──────── Data provided ────────

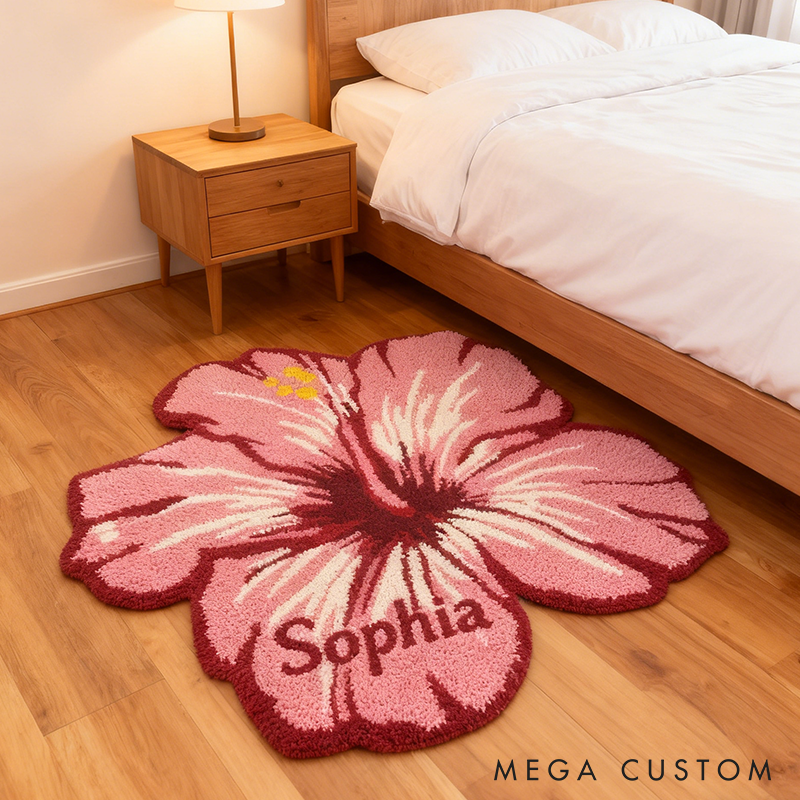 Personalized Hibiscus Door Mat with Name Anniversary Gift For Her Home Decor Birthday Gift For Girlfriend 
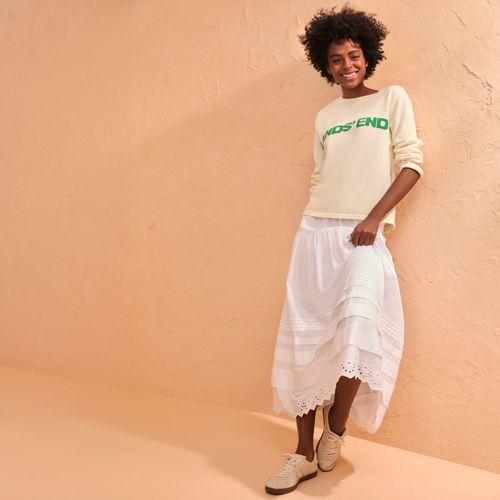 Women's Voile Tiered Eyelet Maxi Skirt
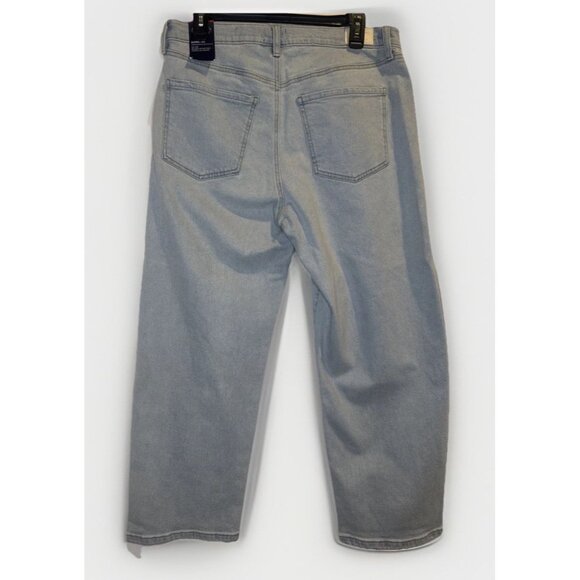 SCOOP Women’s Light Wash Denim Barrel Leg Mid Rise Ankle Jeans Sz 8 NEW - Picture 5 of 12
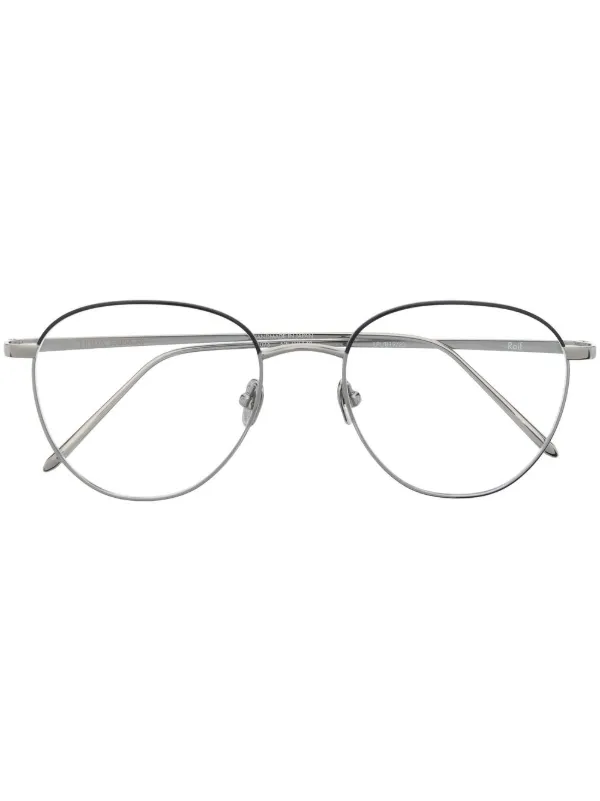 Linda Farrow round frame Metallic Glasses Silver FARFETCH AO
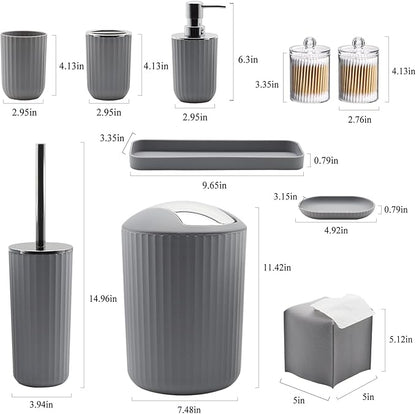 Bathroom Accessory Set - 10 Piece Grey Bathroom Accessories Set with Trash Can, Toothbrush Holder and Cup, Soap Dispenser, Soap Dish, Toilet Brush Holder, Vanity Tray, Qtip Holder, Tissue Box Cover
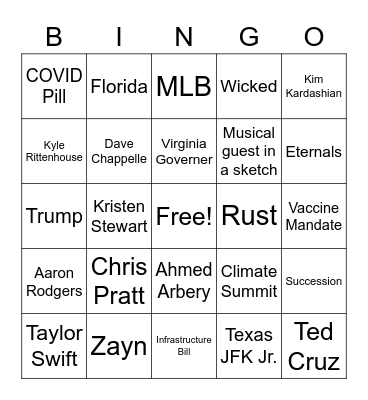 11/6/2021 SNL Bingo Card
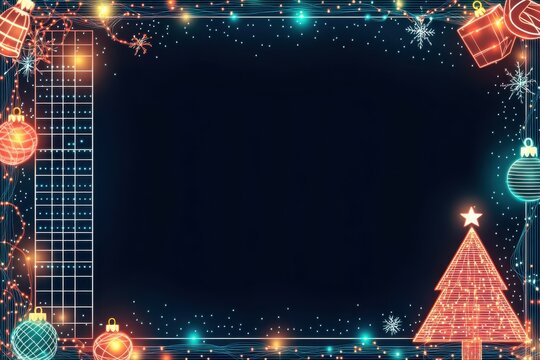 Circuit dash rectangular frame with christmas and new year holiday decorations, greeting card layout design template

────────

- [Task brief] Please reproduce nothing but the lines from the one containing "Women's Voile Tiered Eyelet Maxi Skirt" through the closing line of the listing, retyped word for word, pictures excluded.

- [Response to the exercise]
 Women's Voile Tiered Eyelet Maxi Skirt
 SCOOP Women’s Light Wash Denim Barrel Leg Mid Rise Ankle Jeans Sz 8 NEW - Picture 5 of 12
 Linda Farrow round frame Metallic Glasses Silver FARFETCH AO
 Bathroom Accessory Set - 10 Piece Grey Bathroom Accessories Set with Trash Can, Toothbrush Holder and Cup, Soap Dispenser, Soap Dish, Toilet Brush Holder, Vanity Tray, Qtip Holder, Tissue Box Cover
 11/6/2021 SNL Bingo Card
 Circuit dash rectangular frame with christmas and new year holiday decorations, greeting card layout design template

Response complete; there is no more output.